На радио делал кучу программ, в основном культурные – “Поверх барьеров”, но и другие: например USA Today – “США сегодня”. Стал ходить каждый день на службу. Вот уж одиннадцать лет как хожу.

И. Т. Можно даже сказать, что на радио вы сделали карьеру?

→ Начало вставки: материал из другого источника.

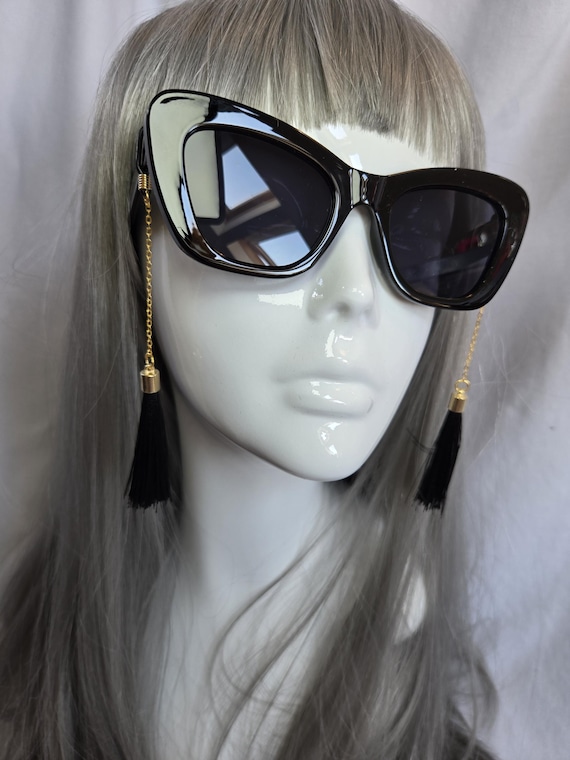 Black Tassel Sunglasses Chain: Gold Sunglass Hanger  display picture 1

П. В. Можно. Зарплата росла, и должность повышалась. Заведовал Нью-Йоркским бюро. Но не сделал ни полдвижения для этого. Поток жизни сам тебя выносит куда следует. Ушел наш директор на повышение в Мюнхен – руководить всей Русской службой, а в Нью-Йорке нас было так мало, что выбирать особенно не из кого. То же – в Праге: был кем-то, стал тем-то. Все само. Не то чтобы я неамбициозный человек, но у меня амбиции в другой сфере лежат.

И. Т. А властолюбие какое-то есть у вас?

П. В. Думаю, нет. Вернее, я ему не даю проявиться и даже знаю, после чего. В армии я три раза был младшим сержантом, то есть меня дважды разжаловали. Первый раз – за организацию коллективной пьянки. Второй – за самоволку: мы ходили к любимым девушкам с моим армейским приятелем, уже упомянутым будущим режиссером Юрисом Подниексом. Нас поймали, слава богу, на дороге обратно, а не туда, на заборе прямо сцапали. Юрка был рядовой и получил десять суток гауптвахты, а меня разжаловали во второй раз. Я побыл командиром отделения и замкомвзводом и понял, какая со дна может подняться темная мерзость. В армии же это очень просто.